PM Imran Khan lamented that Pakistan is being unfairly scapegoated and is given no acknowledgement. “Even today we are talked about in the US senate for the alleged nurseries and safe havens for terrorists instead of being given the credit we deserve.”
“It’s a really critical time and the US has to pull itself together because people in the United States are in a state of shock,” he told MEE in an interview in Islamabad.
Khan was speaking on the 20th anniversary of the US invasion of Afghanistan on 7 October 2001 to oust the ruling Taliban in the aftermath of the 11 September attacks by al-Qaeda in New York and Washington DC.
The US has no other option but to do everything it can to support a stable government in Afghanistan, because the Taliban was the only option for fighting Islamic State in the region, Khan said as a resolution of decades-long strife
Prime Minister Khan said a severe economic downturn that could throw many more millions into poverty and hunger, may generate a massive wave of refugees from Afghanistan, and indeed set Afghanistan back for generations. He said it was likely quoting the UN special representative to Afghanistan, Deborah Lyons who warned the same the last month.
With half the population already below the poverty line, and 75 percent of the national budget dependent on foreign aid, sanctioning the Taliban would soon lead to a humanitarian disaster, Khan said.

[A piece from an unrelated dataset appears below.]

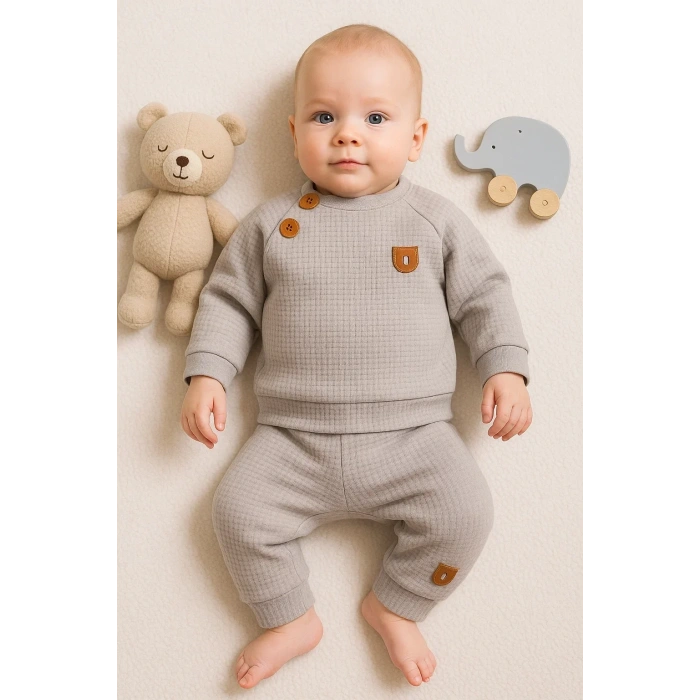 Jakarlı Omuzdan Düğmeli 2li Erkek Bebek Takımı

Khan told MEE he had warned Biden, John Kerry and Harry Reid – then all senators – in 2008 that they were creating a quagmire in Afghanistan for which there was no military solution. He said they did not listen.
“But unfortunately, they were led by their generals. And do you know what generals always say: give us more troops and more time,” Khan said adding that the response was similar two years later as well when General Ashfaq Parvez Kayani, then Pakistan’s chief of army staff, delivered the same message to US President Barack Obama.
When asked why’d he said Afghans had “broken the shackles of slavery”, the next day of Kabul’s fall to Taliban, Khan replied:
“We have been so relieved because we expected a bloodbath but what happened was a peaceful transfer of power. But we also felt we were blamed for this. Three hundred thousand [Afghan army] troops surrendered without a fight, so clearly we did not tell them to surrender.”
However, Khan conceded Taliban’s is not an inclusive government but nevertheless a transitional one.